- Trpčane Location in Slovenia
- Coordinates: 45°31′34.05″N 14°19′14.09″E﻿ / ﻿45.5261250°N 14.3205806°E
- Country: Slovenia
- Traditional region: Inner Carniola
- Statistical region: Littoral–Inner Carniola
- Municipality: Ilirska Bistrica

Area
- • Total: 4.5 km^{2} (1.7 sq mi)
- Elevation: 429.9 m (1,410.4 ft)

Population (2002)
- • Total: 122

= Trpčane =

Trpčane (/sl/; Terptschane, Terciane) is a village southeast of Ilirska Bistrica in the Inner Carniola region of Slovenia.

==Mass graves==
Trpčane is the site of a mass grave and an unmarked grave from the end of the Second World War.

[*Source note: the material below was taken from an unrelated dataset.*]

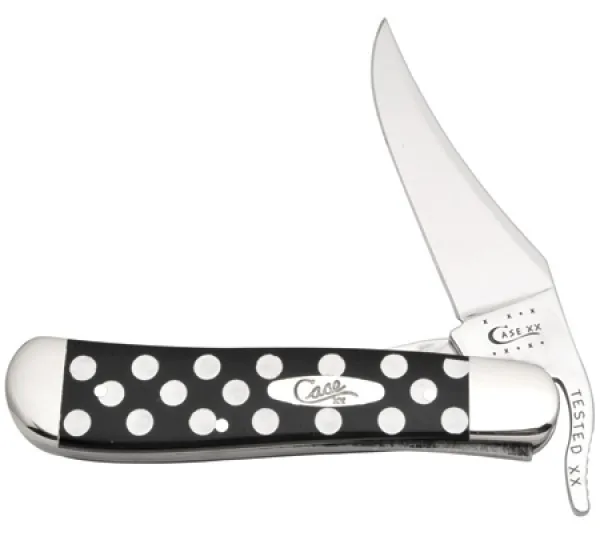 Case Blk-white Polka Dot Russlock Knives 6834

They both contain the remains of German soldiers from the 97th Corps that were killed at the beginning of May 1945. The Riverbank Mass Grave (Grobišče Breg), also known as the Frkovec Mass Grave (Grobišče Frkovec), lies on the bank of the Reka River east of the settlement, about 300 m north of a bridge. It contains the remains of either four or 20 soldiers. The Linden Grave (Grob pri lipi) lies 20 m from the house at Trpčane no. 22 and contains the remains of one soldier.

==Church==
The small church in the settlement is dedicated to Saint Anthony of Padua and belongs to the Parish of Podgraje.